Internet users who frequently log onto foreign-language websites have no doubt encountered Google machine translation. Your personal experience with this relatively new type of translation system may be mixed.
Sometimes Google does a good job of providing you with a perfectly logical translation that’s easy to understand. At other times, it can give a translation that is ungrammatical and illogical. But whatever your personal experience has been, what you probably haven’t noticed, is that Google machine translation is continuously learning.
Developing a Learning Algorithm
Google has developed an extraordinary algorithm that continues to learn how to perform the functions that it’s programmed to perform. It uses artificial intelligence to gather data from the function it performs and continuously improve on that performance.

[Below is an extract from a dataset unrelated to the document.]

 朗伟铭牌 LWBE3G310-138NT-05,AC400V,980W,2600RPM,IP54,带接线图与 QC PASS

Artificial Intelligence (AI) has become a controversial buzzword of the new millennium. Alongside doomsday predictions of killer robots bent on destroying humanity are the obvious benefits of developing a learning algorithm, such as Google machine translation.
How the Google Translation Algorithm Works
Google translate uses Recurrent Neural Networks (RNN) to identify sequences of words and phrases in a source language and then matches these sequences to words and phrases in the target language. As it continues to perform its functions, it adds to its database of known words and phrases in both languages.

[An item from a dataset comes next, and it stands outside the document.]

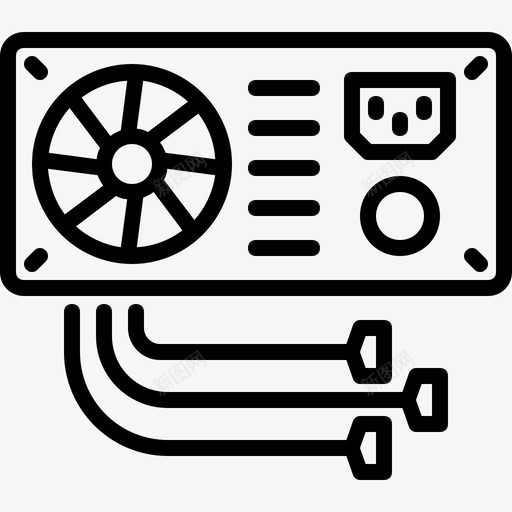 电脑电源元件电子图标svg_新图网 https://ixintu.com 元件 电子 电子线 电脑电源 零件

But this isn’t just a matching exercise between languages. By using these RNNs in the process, it ‘learns’ the semantics and meanings in both the source and target language and can improve the translation services over time.

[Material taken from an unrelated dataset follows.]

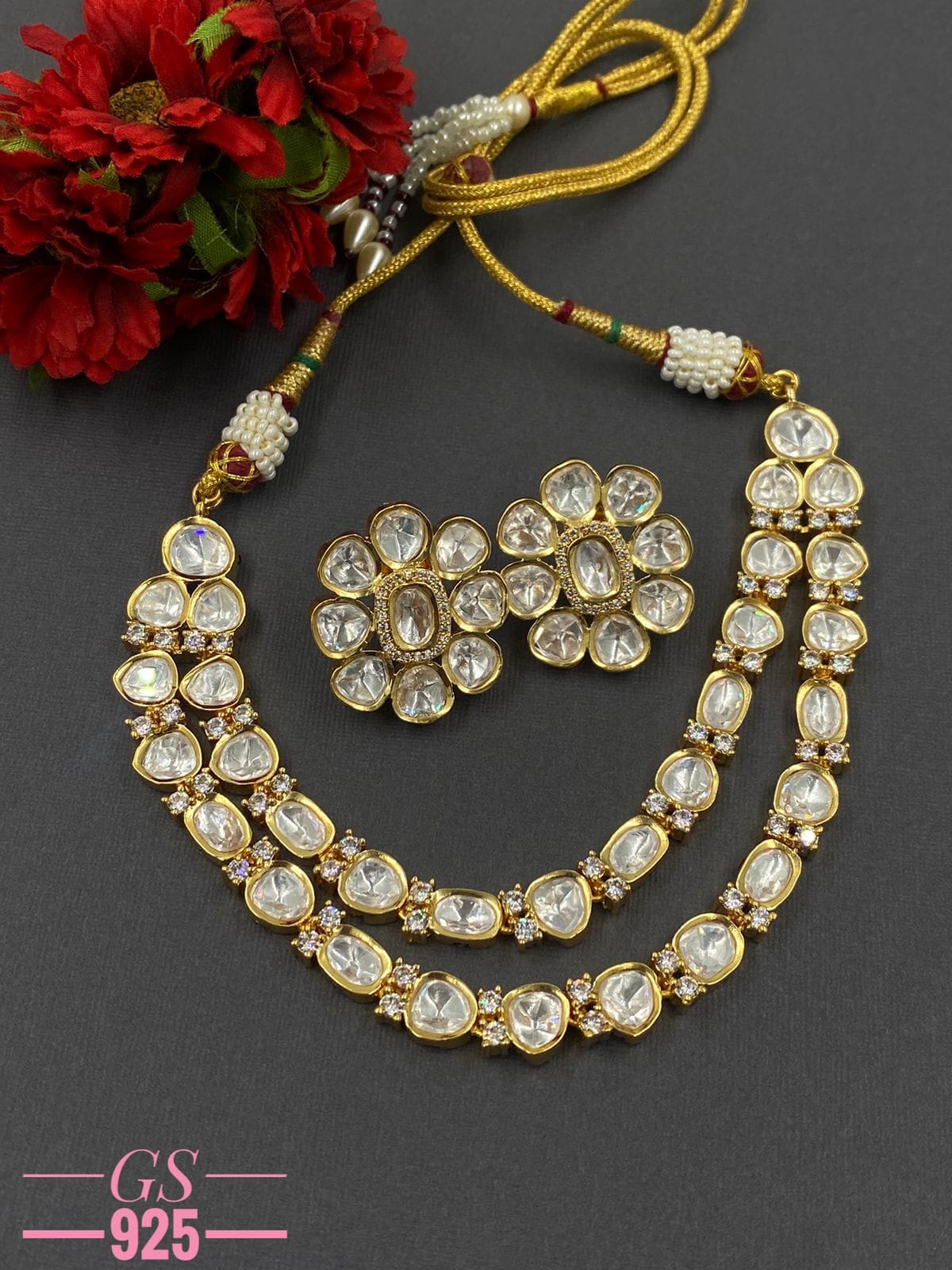 Antique  long and short Gold-plated Necklace Set.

In fact, the more you use Google Translate to translate between two different languages, the more you’re helping the algorithm to improve. By continuously processing these calculations, Google Translate can spot recurring patterns in the words and phrases of different languages. Through these continual calculations, the program can improve its accuracy in providing ever more nuanced and appropriate translations.
Google Translate wasn’t always so sophisticated. It initially used statistical machine translation. In this method, the source sentence would be translated first into English and then into the target language by cross-referencing similar sentences in the target language from documents provided by the United Nations and the European Parliament.
By transitioning to using these RNNs in the translation process in 2016, Google was able to further the accuracy of the translations by sampling from a much more extensive range of linguistic sources.
Wisdom of Utilizing RNNs
The developers working on the Google machine translation algorithm recognized that they were facing a problem where language continues to evolve. If they had continued to use statistical machine translation as the basis for their algorithm, it would, at some point in time, become obsolete when the evolution of the world’s languages surpassed Google Translate’s ability to keep up with the changes.
By switching over to an RNN-based approach, they entered the arena of “deep learning”. And it’s this approach that has meant success for the algorithm moving forward. Google Translate now offers translation services for over 100 languages.
As the program continues to improve more and more people around the world will be able to communicate more effectively and accurately.